Protests gave birth to the anti-Assad uprising, but now some in Syria say they simply make for an easy target for regime planes. Others say they're important to keep new leaders accountable.
Monica G. Prieto/AP
Months after Syrian opposition forces brought several areas of Aleppo Province under their control, Syrian activists still demonstrate regularly, much as they have since the beginning of the uprising.
Last Friday, more than 100 demonstrators gathered in Bustan al-Qasr, one of Aleppo’s calmer neighborhoods, for a protest against the Assad regime and to call for closer oversight of the rebels' Free Syrian Army. The protest leaders even decided to do a live broadcast of the event.
As the event wound down, a lone mortar shell landed in the middle of the crowd, killing 14 people and injuring 21. Government forces often target such gatherings and can easily do so when their exact location is being broadcast in real time.
Syrians are now questioning whether such protests in opposition-controlled areas are still warranted, given the risks and the fact that they are calling for change amid an audience that is already in agreement.
“Protesting now is something wrong. This is the second time in a month that protests have been shelled like this. In a free place like Aleppo, there is no need for protests,” says Abu Nazir, an FSA commander in Bustan al Qasr. “We want the activists to stop protesting because they’re targeted by shelling and Bustan al-Qasr is now full of refugees because it’s a peaceful area of Aleppo. We don’t want it to get shelled.”
But many activists push back, saying that to stop protesting would be a betrayal of the cause, and that protest remains an important tool for change within their own transitional leadership.
Mr.

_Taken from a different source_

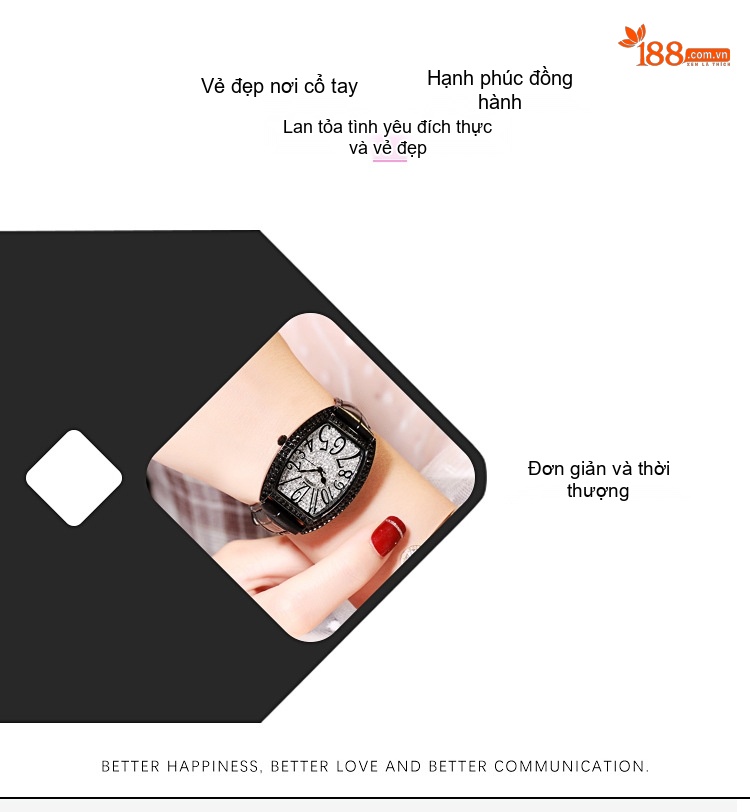 Đồng Hồ Nữ Dây Da Thật Mặt Chữ Nhật Đính Đá Phong Cách Cổ Điển Màu Đen, Đỏ, Trắng, Nâu... chi tiết 2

Nazir says the FSA will not stop anyone from protesting, but if they choose to continue, they must no longer televise live broadcasts of the protests or stay in one place for an extended period of time.
Some protesters concede that the demonstrations in so-called free areas of Aleppo no longer carry the same weight at this point that they did in the beginning. But, they say, what matters now is instilling a culture of civic activism that they hope will keep future leaders in check. Activists say protests are often just as much about new leaders as they are about Assad, and few are ready to give up the tool that launched an uprising that they hope will eventually unseat their embattled president.